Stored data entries
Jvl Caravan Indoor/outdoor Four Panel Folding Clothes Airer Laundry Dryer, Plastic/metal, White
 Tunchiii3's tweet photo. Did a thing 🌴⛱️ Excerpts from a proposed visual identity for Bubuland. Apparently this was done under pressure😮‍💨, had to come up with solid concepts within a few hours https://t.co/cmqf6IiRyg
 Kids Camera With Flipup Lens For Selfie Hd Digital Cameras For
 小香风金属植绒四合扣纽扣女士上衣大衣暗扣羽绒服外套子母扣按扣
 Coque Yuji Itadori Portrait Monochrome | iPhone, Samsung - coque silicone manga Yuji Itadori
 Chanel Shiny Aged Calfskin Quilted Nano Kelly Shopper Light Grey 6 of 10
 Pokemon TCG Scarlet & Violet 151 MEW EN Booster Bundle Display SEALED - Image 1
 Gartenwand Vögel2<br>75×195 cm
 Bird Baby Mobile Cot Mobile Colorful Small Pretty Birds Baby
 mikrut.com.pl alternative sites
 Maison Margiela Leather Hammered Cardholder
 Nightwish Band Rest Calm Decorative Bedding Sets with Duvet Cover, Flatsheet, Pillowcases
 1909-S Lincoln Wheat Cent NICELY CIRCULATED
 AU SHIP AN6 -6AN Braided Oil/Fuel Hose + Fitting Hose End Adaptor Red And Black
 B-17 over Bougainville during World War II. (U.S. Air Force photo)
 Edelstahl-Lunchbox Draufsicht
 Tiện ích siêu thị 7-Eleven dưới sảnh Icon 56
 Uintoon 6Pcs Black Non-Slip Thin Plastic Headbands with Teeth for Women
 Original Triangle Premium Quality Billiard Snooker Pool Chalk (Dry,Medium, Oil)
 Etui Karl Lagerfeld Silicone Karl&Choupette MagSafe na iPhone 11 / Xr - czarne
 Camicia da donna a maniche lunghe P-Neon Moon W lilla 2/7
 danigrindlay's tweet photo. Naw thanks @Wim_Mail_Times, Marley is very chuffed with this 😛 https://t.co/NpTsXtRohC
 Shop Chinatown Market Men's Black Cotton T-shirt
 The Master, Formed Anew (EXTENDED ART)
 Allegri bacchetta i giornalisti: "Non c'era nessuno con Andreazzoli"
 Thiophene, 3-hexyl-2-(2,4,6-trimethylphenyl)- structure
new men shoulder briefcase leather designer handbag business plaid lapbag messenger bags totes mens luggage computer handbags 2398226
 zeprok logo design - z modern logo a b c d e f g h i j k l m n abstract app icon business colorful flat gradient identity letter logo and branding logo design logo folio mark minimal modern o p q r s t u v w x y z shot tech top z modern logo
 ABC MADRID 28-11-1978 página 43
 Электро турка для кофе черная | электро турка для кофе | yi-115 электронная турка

**Exercise prompt:** Copy every line of the data where "business" is found.

**Answer box:**
new men shoulder briefcase leather designer handbag business plaid lapbag messenger bags totes mens luggage computer handbags 2398226
 zeprok logo design - z modern logo a b c d e f g h i j k l m n abstract app icon business colorful flat gradient identity letter logo and branding logo design logo folio mark minimal modern o p q r s t u v w x y z shot tech top z modern logo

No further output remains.